» What is being asked
Line by line, repeat the material below exactly and leave the images out.

» Data extract
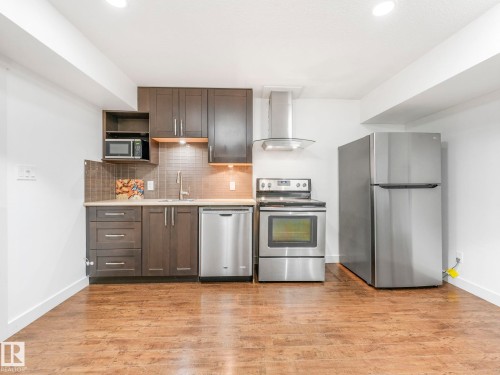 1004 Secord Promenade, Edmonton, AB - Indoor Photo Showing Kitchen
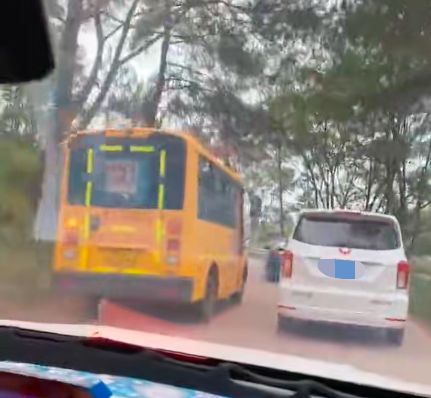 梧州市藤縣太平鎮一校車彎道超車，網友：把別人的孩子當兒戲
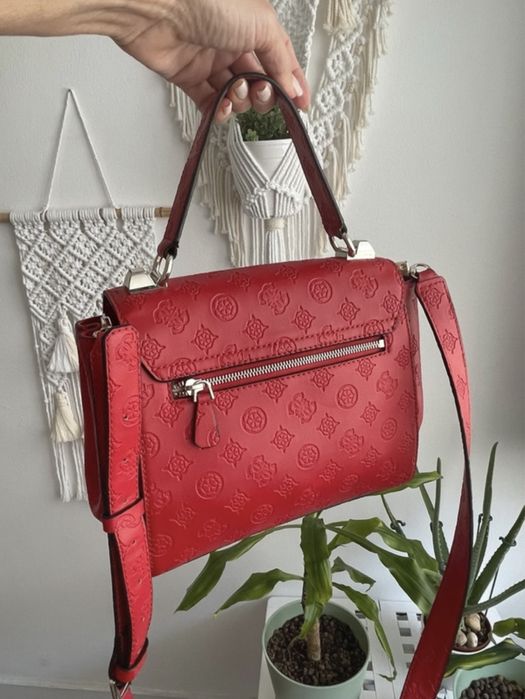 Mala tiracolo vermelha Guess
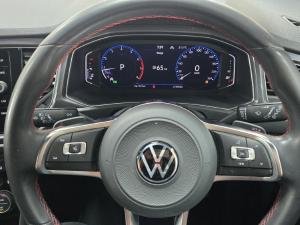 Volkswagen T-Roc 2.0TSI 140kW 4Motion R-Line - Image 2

» Written solution
 1004 Secord Promenade, Edmonton, AB - Indoor Photo Showing Kitchen
 梧州市藤縣太平鎮一校車彎道超車，網友：把別人的孩子當兒戲
 Mala tiracolo vermelha Guess
 Volkswagen T-Roc 2.0TSI 140kW 4Motion R-Line - Image 2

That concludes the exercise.